## Problem requirements
Exactly the lines from the one containing "متن کوتاه انگلیسی" through the end of the data, and nothing more, should be retyped; pictures stay out.

## Data below
Content starts
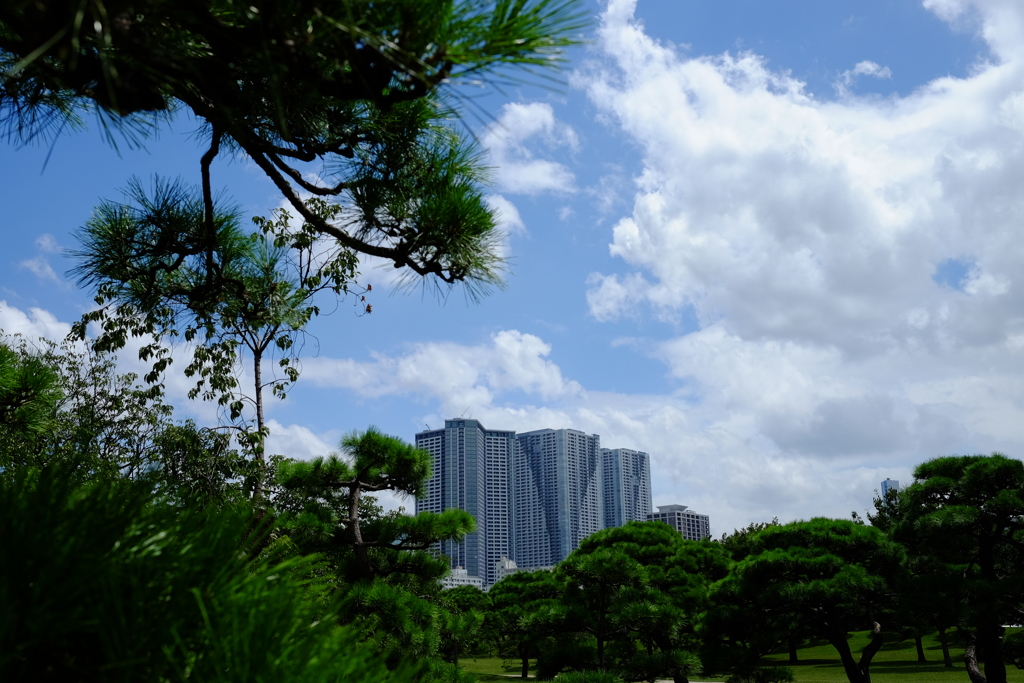 @浜離宮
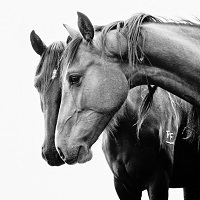 متن کوتاه انگلیسی ۱۰ نوع از محبوب ترین نژاد اسب ها با ترجمه فارسی
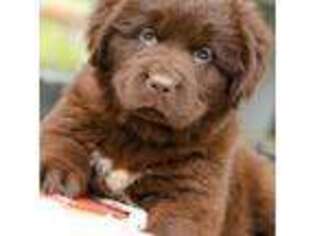 Newfoundland Puppy for sale in Etna Green, IN, USA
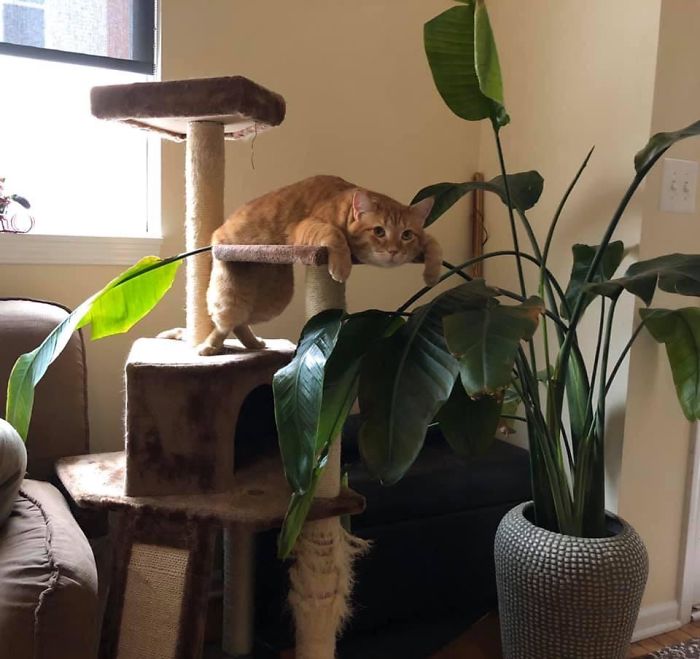 &#8220;What&#8217;s Wrong With My Cat?&#8221; Online Group Has Owners Posting Pics Of Their Malfunctioning Cats And Here Are 50 Of The Funniest Ones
Content ends
## Reply
 متن کوتاه انگلیسی ۱۰ نوع از محبوب ترین نژاد اسب ها با ترجمه فارسی
 Newfoundland Puppy for sale in Etna Green, IN, USA
 &#8220;What&#8217;s Wrong With My Cat?&#8221; Online Group Has Owners Posting Pics Of Their Malfunctioning Cats And Here Are 50 Of The Funniest Ones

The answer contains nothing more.